Prices of cooking oil are projected to hit a record high in the coming days amid shifts in international policies that have thrown global trade in limbo.
The latest hike in prices is attributed to a change of policy by Indonesia which is the world’s biggest producer of cooking oil.
Indonesia has limited the exportation of palm oil, a move that is already affecting the rest of the world and worsening the situation in Kenya.
The Asian country had initially blocked the export of cooking oil entirely, causing a sharp rise in prices of the commodity.
Indonesia is reported to have scaled down exports of palm oil by more than 75 per cent, dropping the global production of cooking oil by a corresponding margin.
This means that manufacturers who access the palm oil will get less than a quarter of what they have been importing.
Apart from the policy change, most manufacturers in the country have scaled down cooking oil production. The situation has been worsened by the shutting down of Pwani Oil.

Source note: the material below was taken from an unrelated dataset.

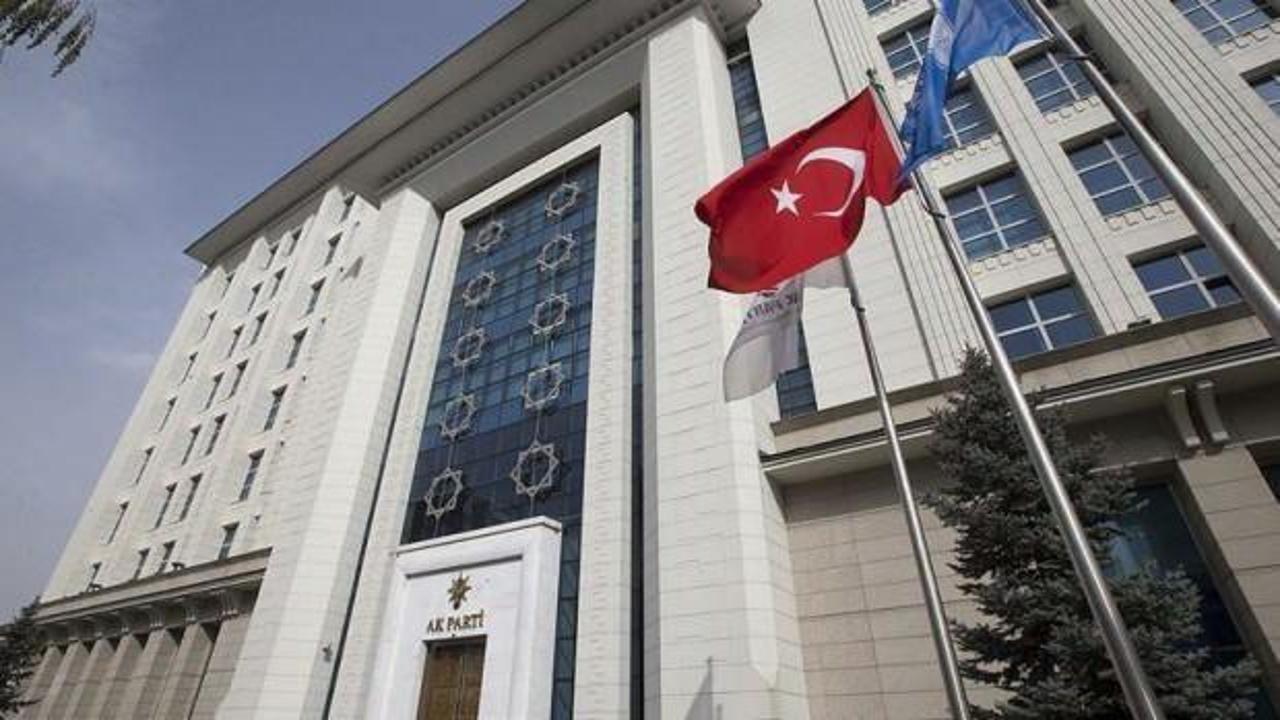 AK Parti’de aday adayı başvuru tarihi ertelendi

“Given the prevailing challenges, Pwani Oil has temporarily halted operations at its refinery in Kilifi as we work to resolve the problem. We, however, wish to assure our customers, employees, suppliers, partners and other stakeholders that this is a temporary measure and the business remains in operations and our products available in retail outlets,” Pwani Oil announced.
Kapa Oil, which is also a major player in cooking oil and detergents manufacturing sector, is also operating below its capacity owing to the dollar shortage.
Cooking oil production companies say the dollar crisis, the war in Ukraine, and the ban on exports by Indonesia have hampered the importation of raw materials used in the production process.
Furthermore, Ukraine remains Kenya’s top supplier of sunflower oil and with the ongoing war, the situation in the country has degenerated.
Other than that, the country is not expected to import edible oil between now and June 20.
This comes even as players in the sector raised the fear that fuel prices might also increase during the monthly review.
Already, millers announced an increase in maize prices. Peter Miiri, Kitui Flour Mills Chief Accountant, noted that the price was estimated to go up in a week’s time as millers continue to suffer a shortage in stocks.
“We are extremely running low on raw materials which is maize which is being caused by disruptions in the supply chain in that local supply has dried up as well as regional supply.
“The government’s offer to import maize from abroad has been impossible because of the high cost of importation,” Miiri stated.